Prestige Factor: Roth has pretty much run the table on every major literary award worth mentioning—-the National Book Award, the National Book Critics Circle award, the PEN/Faulkner, the Pulitzer—-and he’s the only living author whose books are enshrined by the Library of America. What he’s missing, as everybody who profiles Roth will tell you, is a Nobel Prize. Things could get awkward if he bumps into Mario Vargas Llosa at the green room buffet table.
Can You Catch Up?: Impossible; he’s written more than two dozen novels and a clutch of nonfiction books. Diving into his dodgier shorter works won’t give you a very good snapshot of his career, though slim books like The Dying Animal and Everyman are minor masterpieces. To get the full effect of his aging-horndog-tormented-Jew-knowing-and-black-humored-observer-of-America’s-ongoing-intellectual-and-social-collapse M.O., direct your attention to fuller novels like American Pastoral (soon to be a major motion picture) or Sabbath’s Theater.
Bluffing-at-Parties Line: “Whatever. They’re all about Philip Roth’s penis anyway.”
Prestige Factor: America’s preeminent biographer has spent nearly four decades working on the life of Lyndon Baines Johnson; only now, with this year’s publication of the fourth volume, The Passage of Power, has LBJ ascended to the presidency. The book’s arrival has inspired a host of profiles that a) showcase the dogged devotion he brings to his work and b) give him a soft-focus, Mad Men-ish aura. Did you know he puts on a suit and tie and goes to an office every morning, even though he works for himself? And that he still uses an old-school typewriter? And tacks outlines on corkboards? When our grandchildren ask us how people survived without the Internet, we’ll show them Robert Caro profiles.
Can You Catch Up?: Unlikely. The corpus of the LBJ project so far runs to approximately 3,500 pages. The Power Broker, the biography of urban planner Robert Moses he wrote before pursing the LBJ project, is more than 1,300 pages in itself, and that’s not counting the 350,000 words that his editor insisted he cut out of it.
Bluffing-at-Parties Line: “No, but I’m all caught up on his tweets.”
Prestige Factor: In the eyes of many, America’s finest living novelist, and perhaps the only writer on religion whom hardcore atheists can read without exploding with rage. Her three unaffected but emotionally dense novels—-Housekeeping, Gilead, and Home—-are essential books about faith, the heartland, and family that are free of the filmy goo of politicized verities that have stuck to those words in the past three decades.

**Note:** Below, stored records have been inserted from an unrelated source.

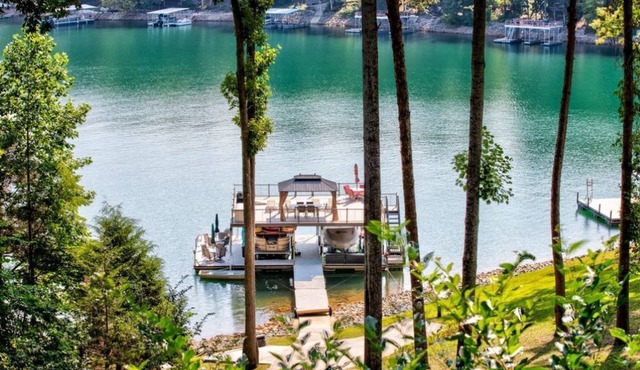 Sleeps 14 - On a deep & wide cove - 89 GREAT reviews - HUGE dock - See our pics
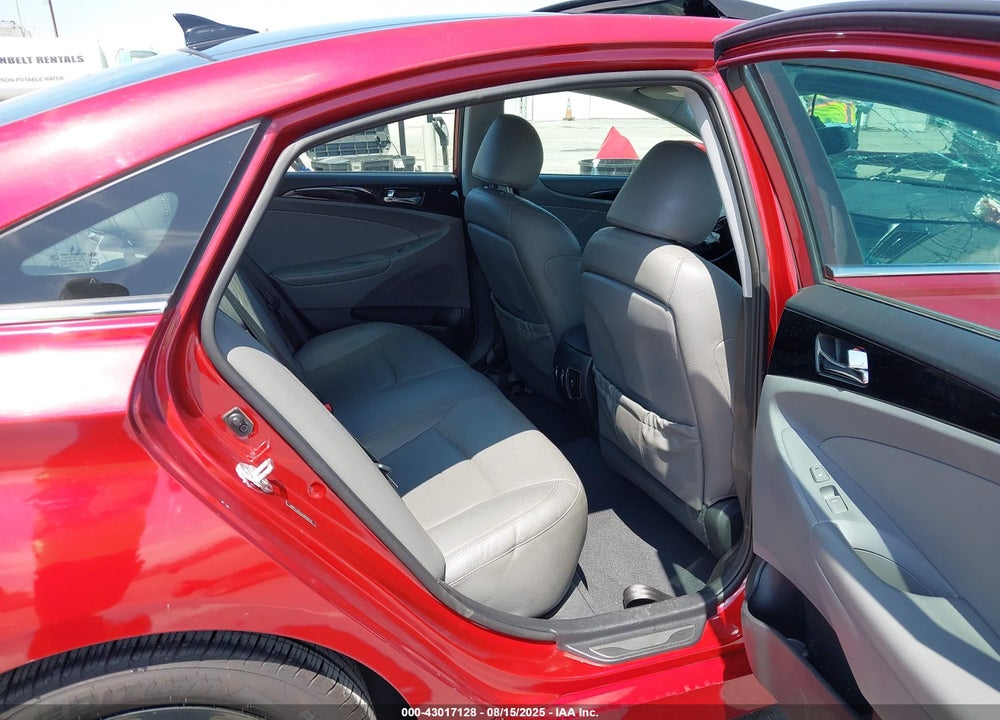 2014 HYUNDAI SONATA VIN: 5NPEC4AC5EH839679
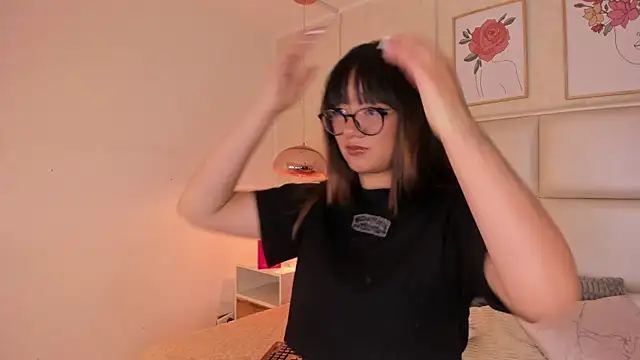 Snapshot of Aily_Yozuko chatting on 13, 3, 2026 Aily Yozuko online show from 13, 3, 2026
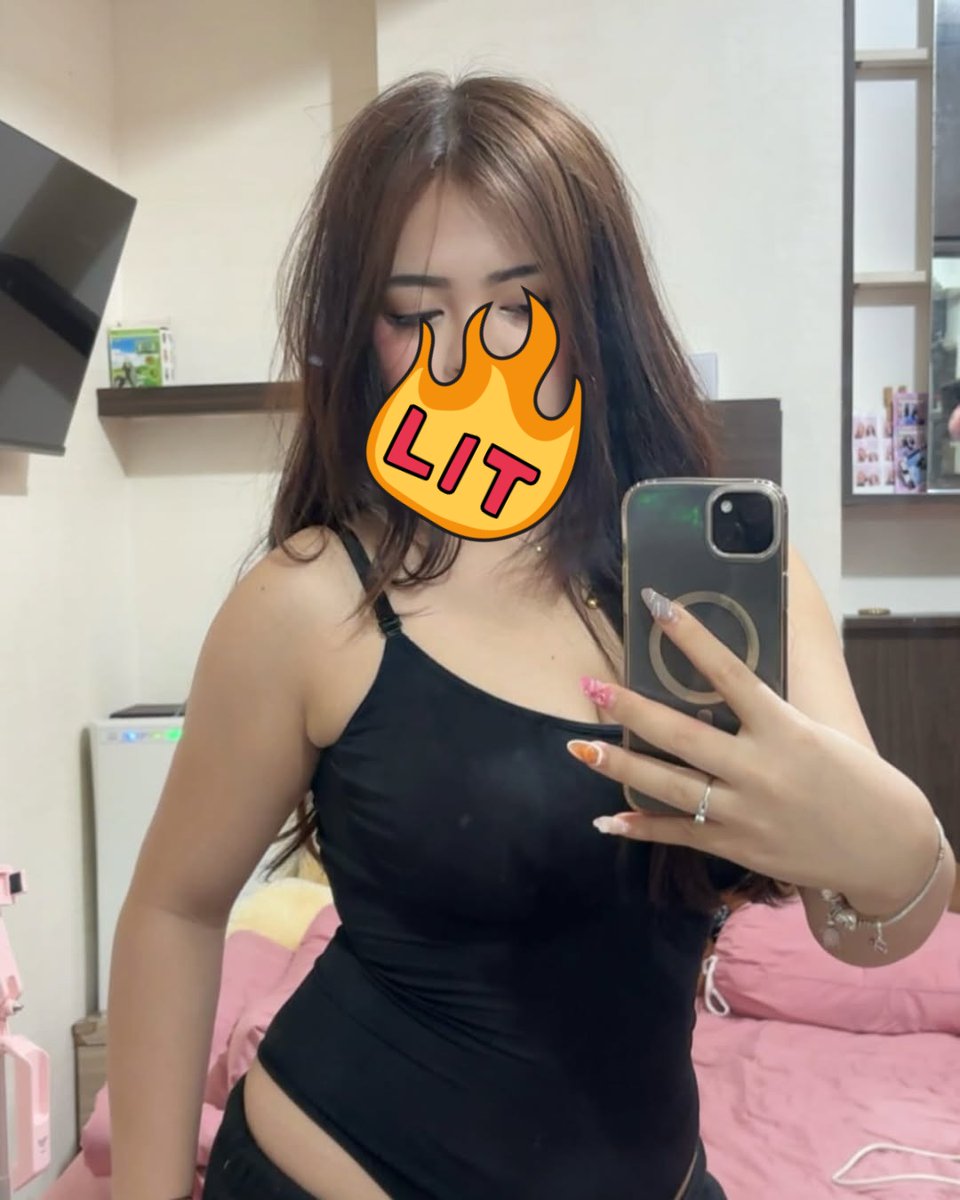 hallowcaaaa💅 tweet media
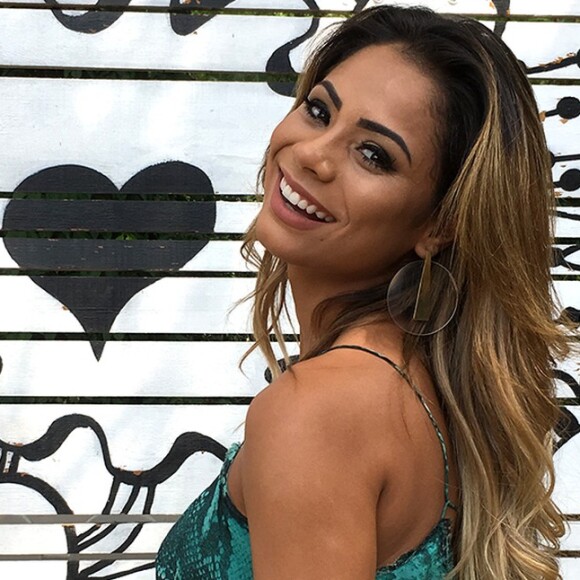 À revista 'Marie Claire', Lexa contou como será seu vestido: 'Estilo sereia'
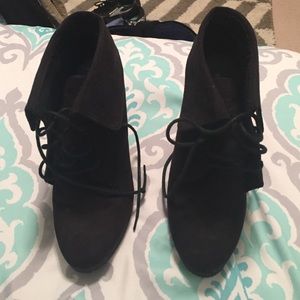Mossimo black wedge booties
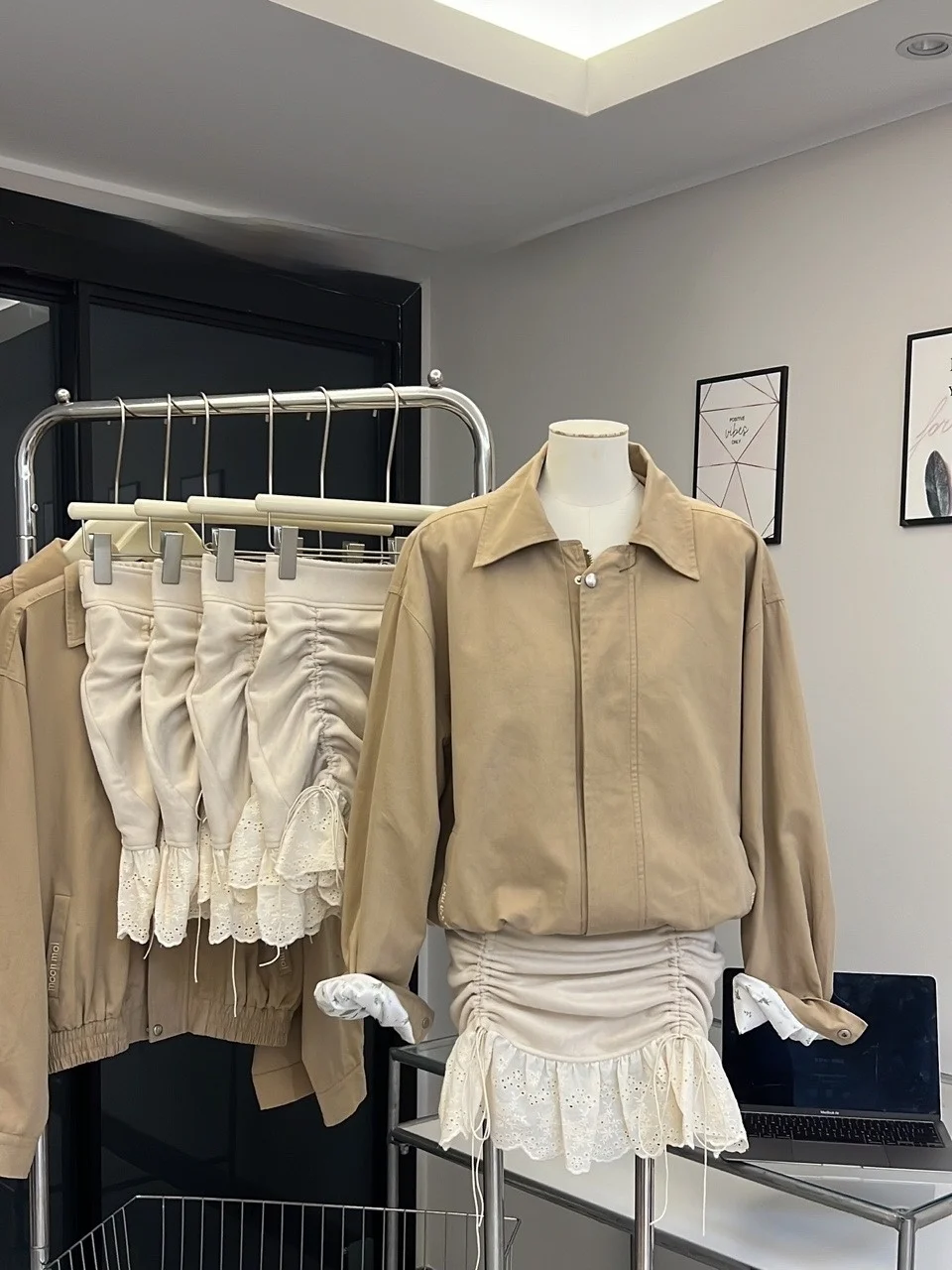 

Khaki Jacket Women's Loose Casual American Style Workwear Top High Waist Zipper Decorated Fashion Set Autumn Season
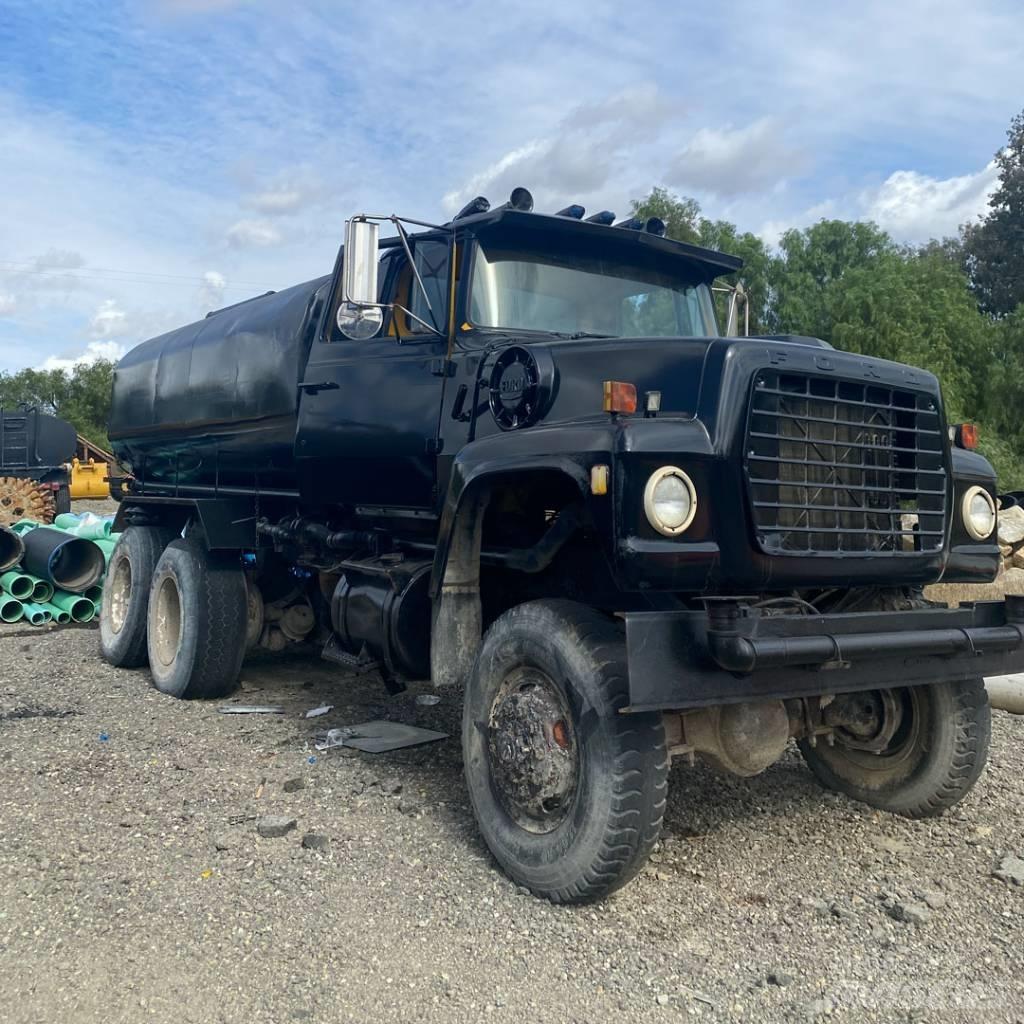 Ford 6 x 6 Tovornjaki za vodo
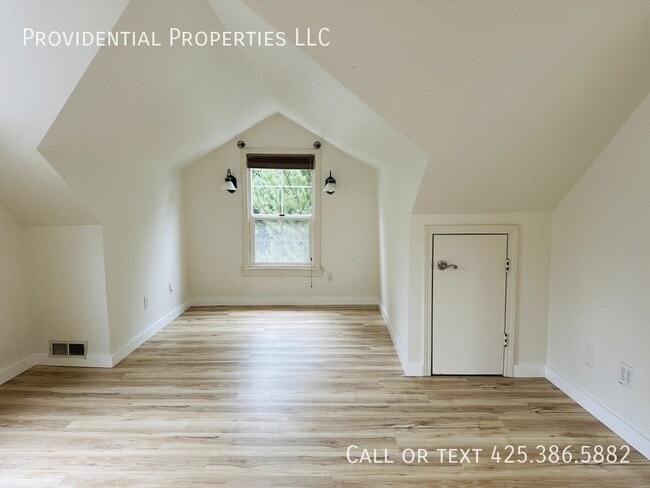 Building Photo - 20620 Larch Way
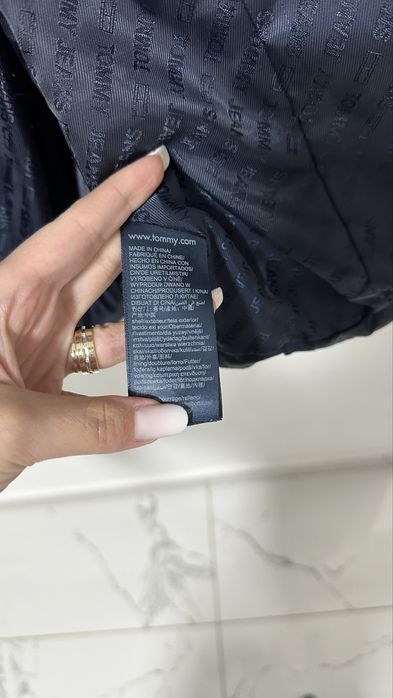 Geaca tommy hilfiger originala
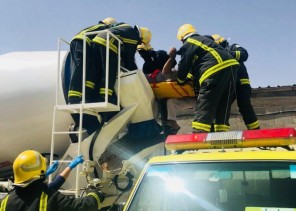 مدني بريدة ينقذ عامل احتجز بخلاط خرسانة جاهزة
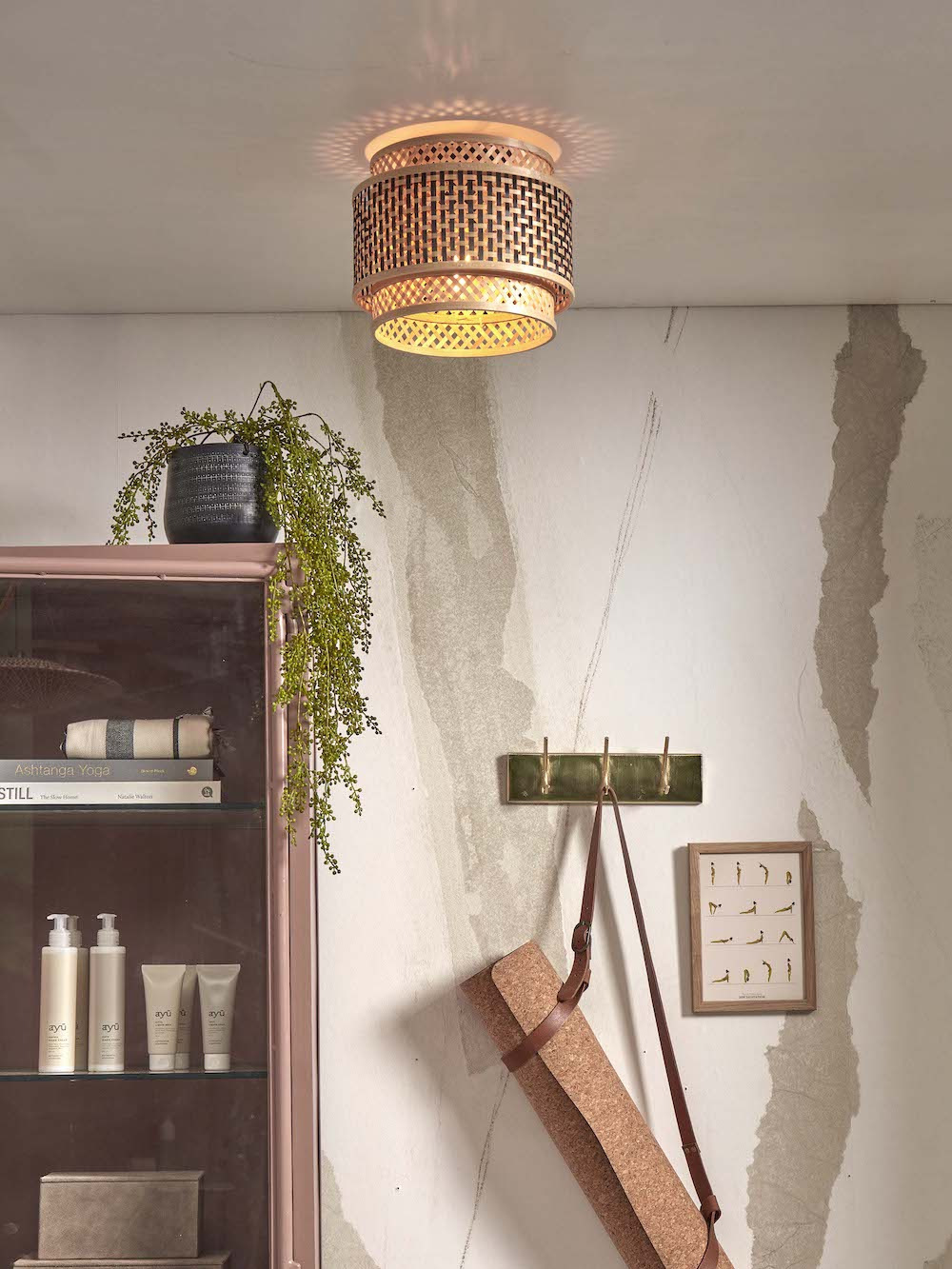 Plafonnier Bhutan avec abat-jour en Bambou naturel au design naturel par Good & Mojo Plafonnier Bhutan avec abat-jour en Bambou naturel au design naturel par Good & Mojo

Can You Catch Up?: Yes, but it’s harder than it looks. Those three novels will defy being sped through, and completists will also want to find her new collection of essays, When I Was a Child I Read Books. (Excerpts from many of its pieces are online.)
Bluffing-at-Parties Line: Look, would it kill you to quit bluffing at parties and actually read a book for once?